Mentre Pechino si concentra su provvedimenti per non “sfigurare” di fronte agli ospiti occidentali –  come il divieto di inserire la carne di cane nei menu dei ristoranti –  e cinge d’assedio la capitale con 40 mila poliziotti, 27.500 armati, 10 mila guardie di sicurezza, 300 guardie anti-terrorismo, 15 mila volontari della guardia civile e i missili terra-aria «Bandiera rossa numero 7», già puntati contro il cielo, per prevenire attacchi terroristici da parte dei separatisti musulmani uiguri, dei “terroristi” tibetani e degli estremisti evangelici, la vita quotidiana per la popolazione si fa sempre più dura. Infatti le risorse idriche, già scarse, saranno utilizzate per fornire l’acqua ai visitatori e abbellire Pechino. Oltre i due terzi dell’acqua della capitale sono pompati da bacini sotterranei e dal 2004 sono attinti anche quelli profondi più di un chilometro considerati una riserva di emergenza. Inoltre l’acqua viene prelevata dall’Hebei, tramite un enorme canale scavato per le Olimpiadi, ma la provincia soffre di siccità da anni. Intanto nelle acque interne si diffondono a macchia d’olio le alghe, a causa delle sostanze nutritive portate dall’inquinamento industriale, dell’ampio uso di nitrati nell’agricoltura e dei rifiuti cittadini.

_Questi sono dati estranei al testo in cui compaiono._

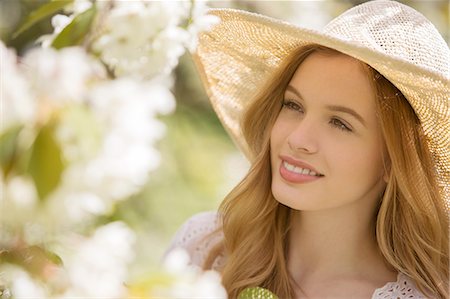 Woman admiring flowers outdoors Photographie de stock - Premium Libres de Droits, Code: 6113-07160628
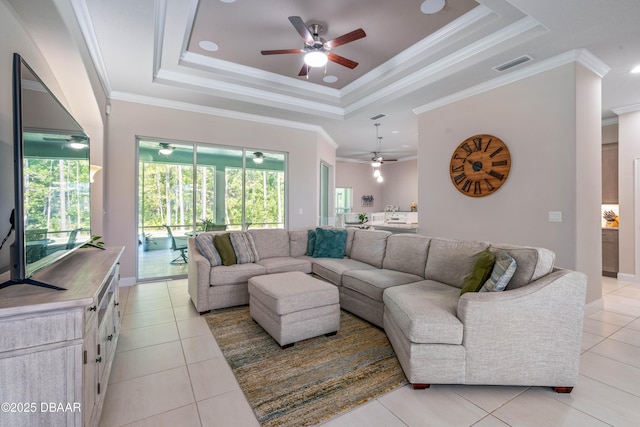 living area featuring ceiling fan, a raised ceiling, light tile patterned floors, and ornamental molding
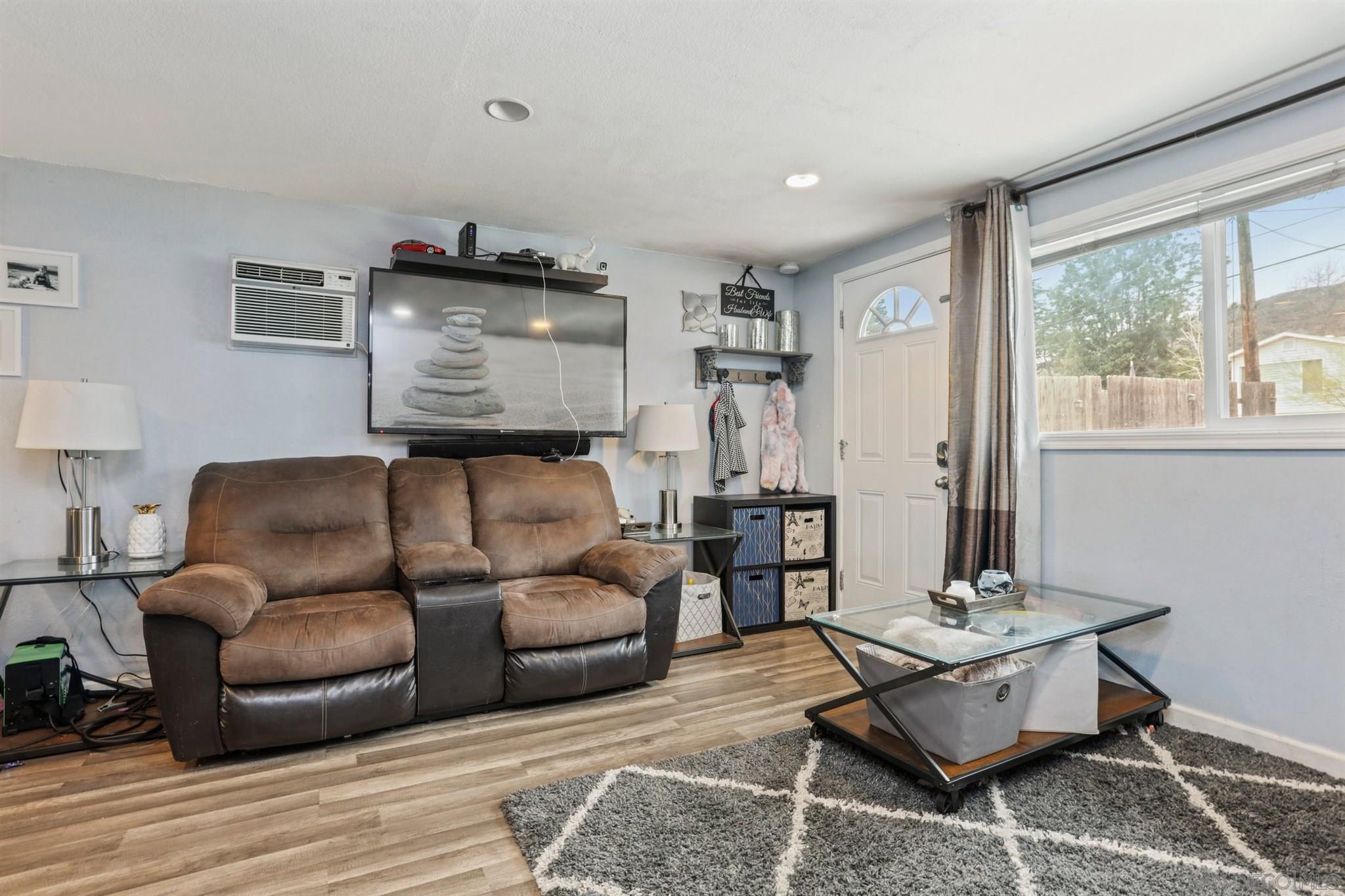 8521 Gaena Road Lakeside, CA 92040 - Photo 10 of 27 a living room with furniture and a window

Così mentre un quarto della popolazione manca di fonti d’acqua potabile, sul bacino di Qingdao migliaia di lavoratori e volontari faticano da giorni per eliminare le alghe che comprometterebbero le gare olimpioniche di vela. Anche i valori dell’inquinamento atmosferico rimangono elevati, malgrado le misure adottate dal governo: dal 20 luglio al 20 settembre nella capitale le automobili private circoleranno a targhe alterne ed entro fine luglio saranno pronte altre tre linee metropolitane. Ma l’aria rimane irrespirabile.
Ormai la popolazione cinese non guarda più alle Olimpiadi come un’occasione di rilancio economico: 20 miliardi di euro sono stati spesi per dare della Cina un’immagine di paese in grande ripresa, ma senza che le condizioni dei più poveri siano migliorate. E anche per il turismo le prospettive non sono buone: tra calamità naturali e violenze istituzionali, i 2 milioni di visitatori previsti sono calati a quota 500 mila, anche per la difficoltà a ottenere i visti e le complicazioni burocratiche messe in atto dal governo per controllare meglio la situazione durante le Olimpiadi.